• [INPUT DATA]
━━━━━━━━━━
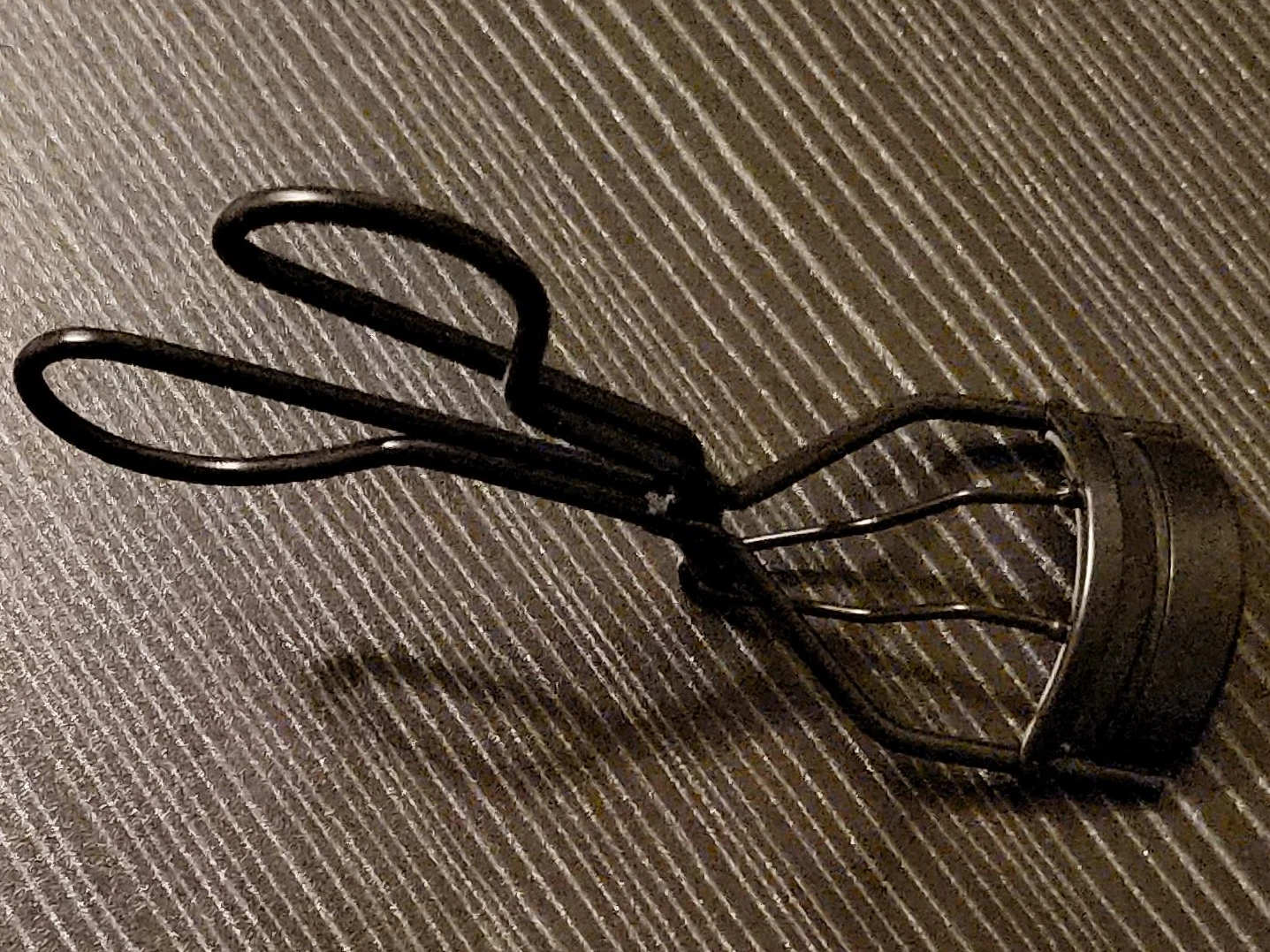 Black Eyelash Curler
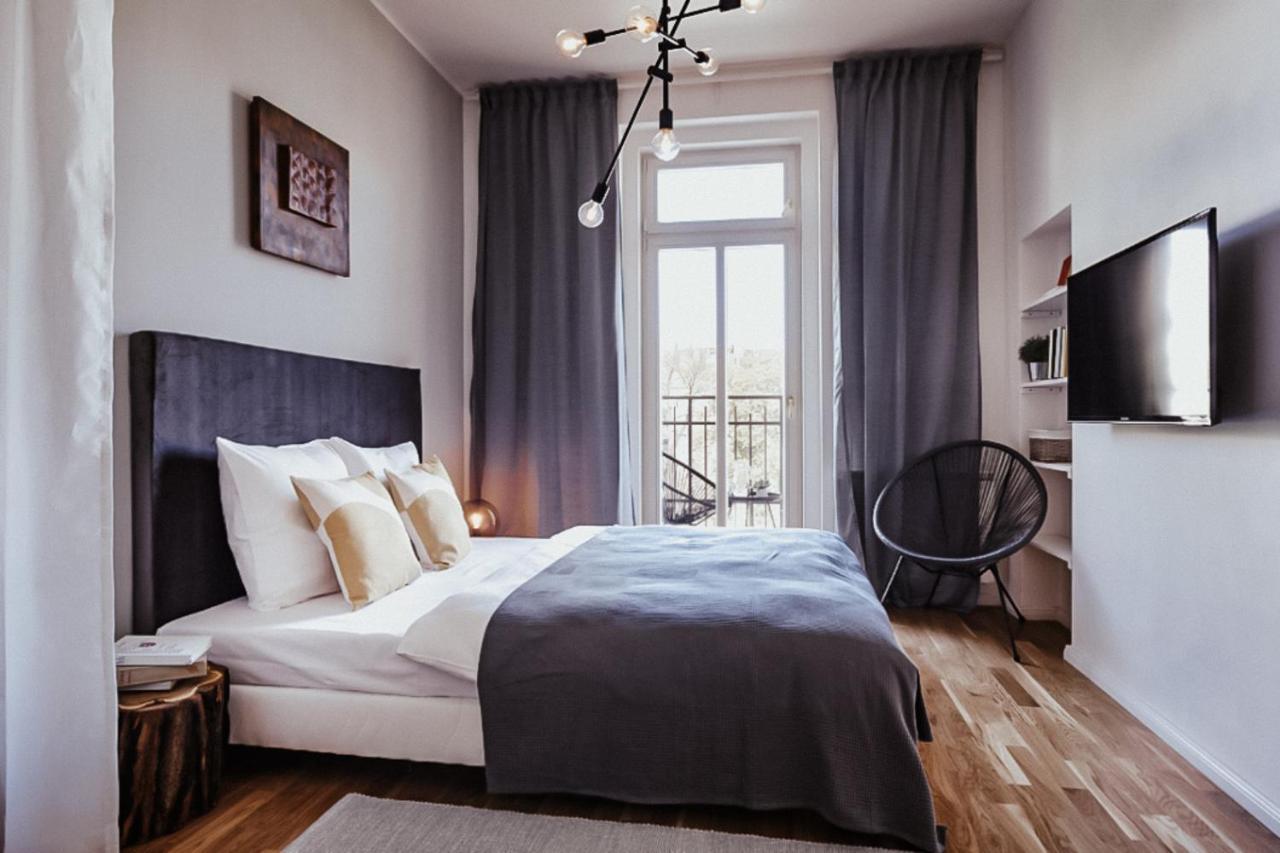 Turnkey I King George Square Studio Прага Экстерьер фото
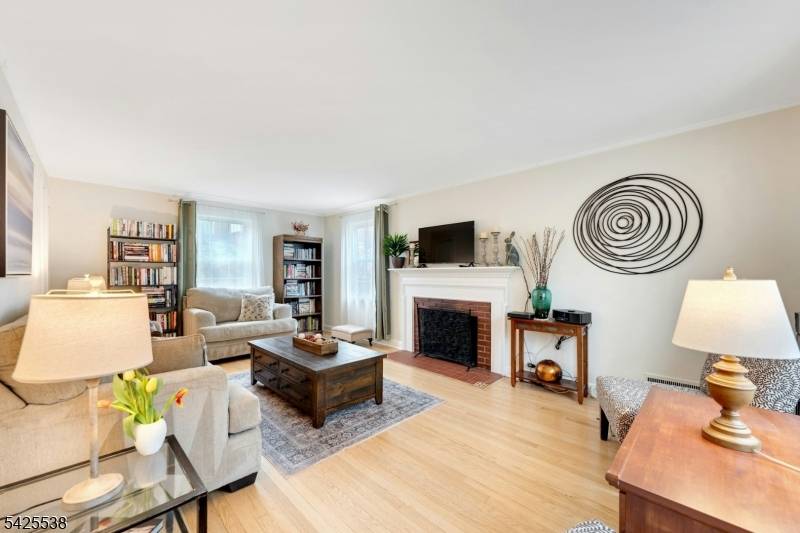 17 Brookdale Rd, Bloomfield Twp., NJ 07003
━━━━━━━━━━
• [WHAT THE TASK ASKS]
In repeating the lines above, keep the wording exact and leave every picture out.

• [EXERCISE ANSWER]
 Black Eyelash Curler
 Turnkey I King George Square Studio Прага Экстерьер фото
 17 Brookdale Rd, Bloomfield Twp., NJ 07003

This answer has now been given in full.